*** Data under study ***

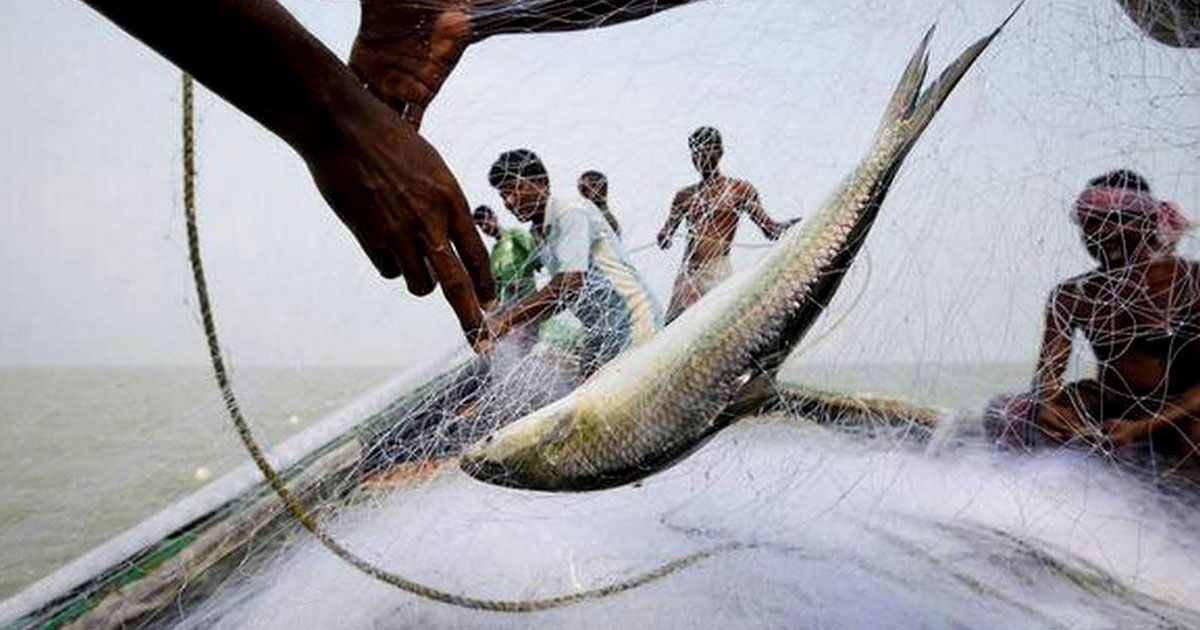 নিষিদ্ধ-সময়ে-ইলিশ-নিধন-বরিশাল-বিভাগে-৫৯-জেলের-কারাদণ্ড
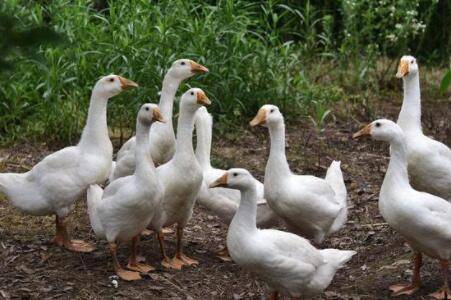 鹅身上小绒毛怎么拔掉,鹅毛的用途有哪些_养鹅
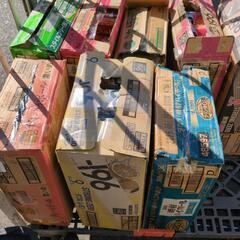 本日のみ！缶ビールチューハイなどバラ売りの画像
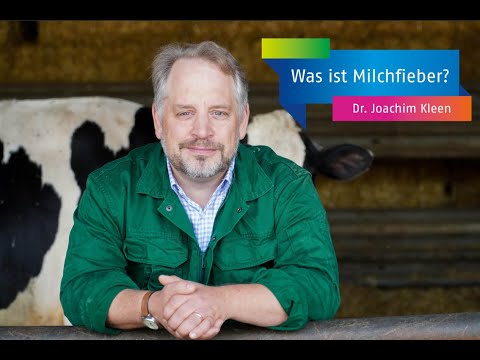 Video: Milchfieber Bei Milchkühen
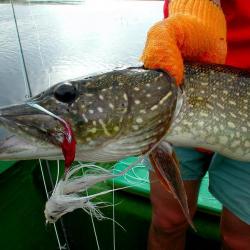 Pêche du Brochet de la Volga au Kazakhstan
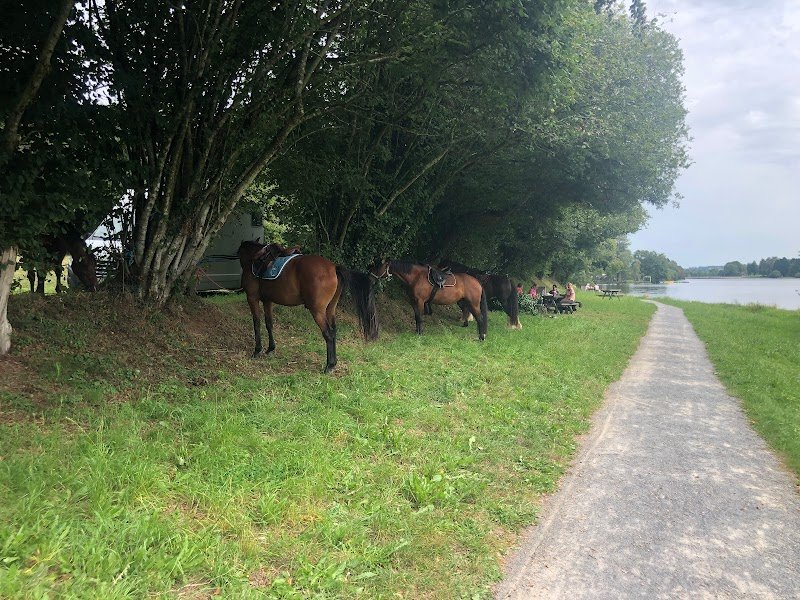 Centre Equestre de Vire - photo 3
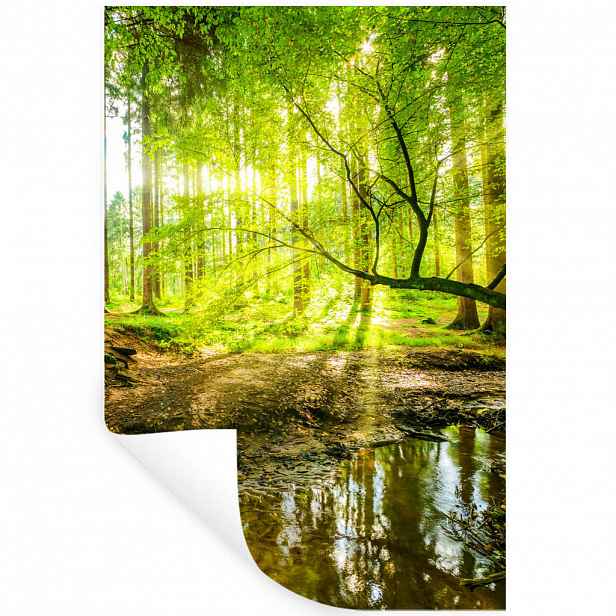 MuchoWow SAMOLEPKA NA ZEĎ Les - Krajina - Voda - Stromy - Slunce - Zeleň - Příroda 80x120 cm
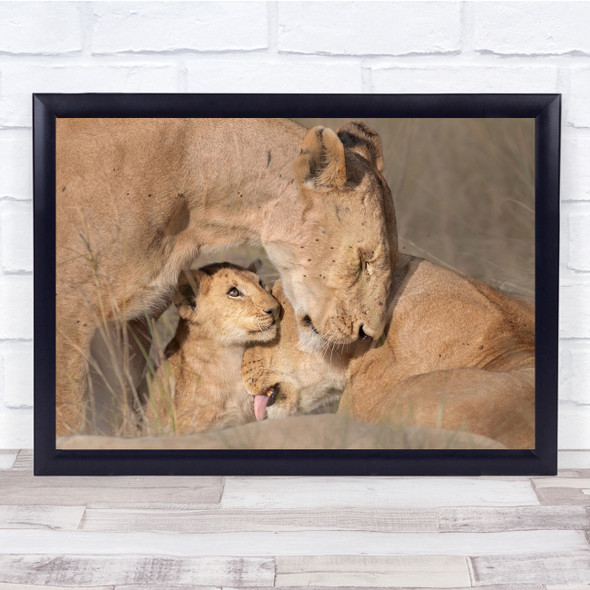 Lions Family Care Wildlife Wall Art Print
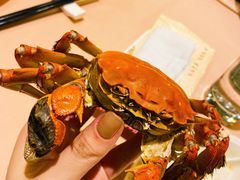 -王宝和酒家(黄浦店)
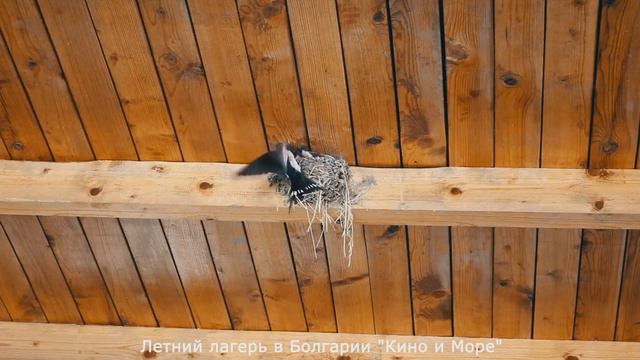 Летний лагерь в Болгарии "Кино и Море". Репортаж Кати Сизинцевой про столовую. кинолагерь смотреть онлайн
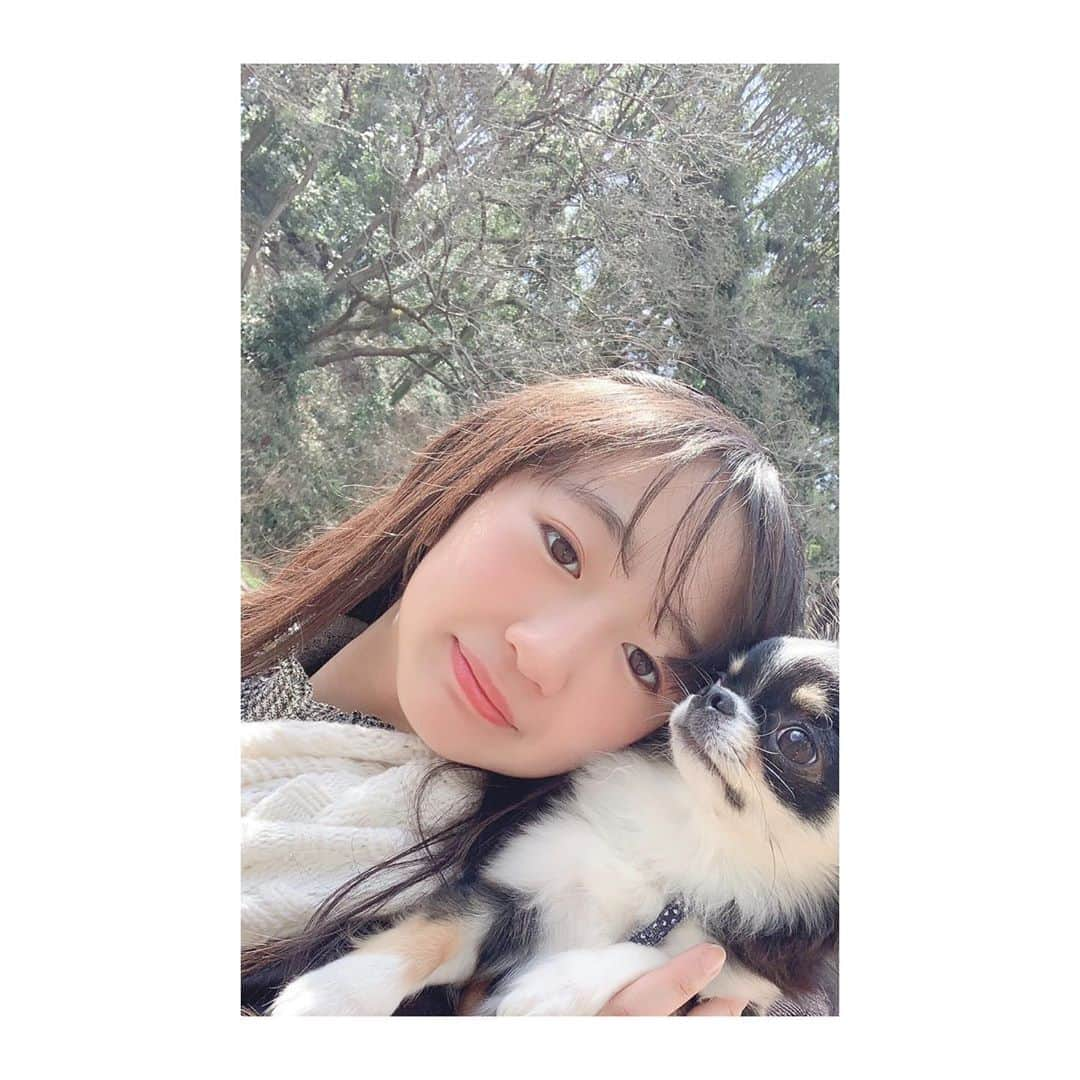 ももかさんのインスタグラム写真 - (ももかInstagram)「宿題の息抜きに…  まるむぎを連れてお散歩🐶🐶 今日はあったかいね🌷🌸🌼 #ももかチャンネル #YouTube #丸太郎 #麦太郎 #チワワ #ロンチー」3月11日 14時05分 - momoka_ch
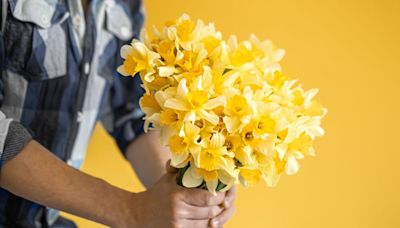 Cuál es el significado de regalar flores amarillas el 21 de septiembre 2024 | Por las redes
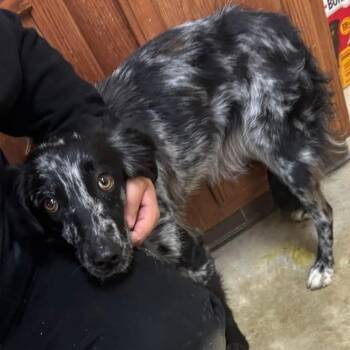 Ainsley - 102815U -  Australian Shepherd and Mixed Breed Dog for Adoption in Tupelo, Mississippi - Ainsley - 102815U | PetCurious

*** End of Data under study ***

▶ **Prompt**: Extract word for word every line from the line that contains "ももかさんのインスタグラム写真 - (ももかInstagram)「宿題の息抜きに…" to the final line of the data, both included, and nothing else; skip the pictures.

▶ **Exercise output**:
 ももかさんのインスタグラム写真 - (ももかInstagram)「宿題の息抜きに…  まるむぎを連れてお散歩🐶🐶 今日はあったかいね🌷🌸🌼 #ももかチャンネル #YouTube #丸太郎 #麦太郎 #チワワ #ロンチー」3月11日 14時05分 - momoka_ch
 Cuál es el significado de regalar flores amarillas el 21 de septiembre 2024 | Por las redes
 Ainsley - 102815U -  Australian Shepherd and Mixed Breed Dog for Adoption in Tupelo, Mississippi - Ainsley - 102815U | PetCurious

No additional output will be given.